Saturday, January 21, 2006

bilingualism and children

Children are basically lucky if they are able to truly participate in two different languages before they are about three. Making them bilingual in this sense means truly having them function in a language environment; just playing a few movies for them will entertain them, but won't really achieve the effect that I'm talking about here.

Monolingual children, on the other hand, face a certain problem. Our brains, in their ruthless quest for efficiency, begin to fuse concepts and language. Thus, if you're monolingual, the word "tree" becomes part of the concept that includes what it looks like, how big it is, what it does, where you see it, etc....If you use two languages, you tend to keep the language aspect separate (this is my theory anyway), because you'll become acutely aware that the language is entirely cultural and separate from the conceptual aspects of the thing. And, that different languages apply meanings to words differently, have different semantic spacing, etc.

This separation is what makes it easier for early bilinguals to learn third and fourth languages later...and this alone is a big advantage for the child. He/she will forever be more flexible when it comes to picking up languages.

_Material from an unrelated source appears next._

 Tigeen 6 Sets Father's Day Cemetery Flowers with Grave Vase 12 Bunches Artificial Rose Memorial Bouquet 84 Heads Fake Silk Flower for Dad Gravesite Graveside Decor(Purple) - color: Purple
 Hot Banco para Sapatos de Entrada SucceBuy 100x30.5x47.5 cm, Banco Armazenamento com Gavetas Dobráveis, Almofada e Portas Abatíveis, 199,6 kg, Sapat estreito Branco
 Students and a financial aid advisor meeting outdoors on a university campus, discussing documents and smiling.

The early bilingual takes longer to start speaking's as if he/she is looking around, putting all the pieces together...trying to make sure it's right...but generally, there is no other disadvantage...and even that small delay is of very little consequence, since, as a child, you get most of what you want without language anyway.

The early bilingual does have an interesting problem, though. Say one's parents speak L1 in the home, but one's friends speak L2 in the schoolyard and the teacher also uses L2. This early bilingual may not know L2 words for such things as sink, bed, pajamas; he/she may not know L1 words for blackboard, etc. There will be vocabulary gaps. But these are minor. A much bigger problem is the simple perception that the parents are not complete participants in the surrounding society; this sometimes results in the child translating for the parents, even having some power over the parents; but this is not language-related, and is only true in some cases anyway. From a language point of view, the early bilingual is at an advantage, forever, having acquired two languages at an ideal time, and having a thorough mastery of each.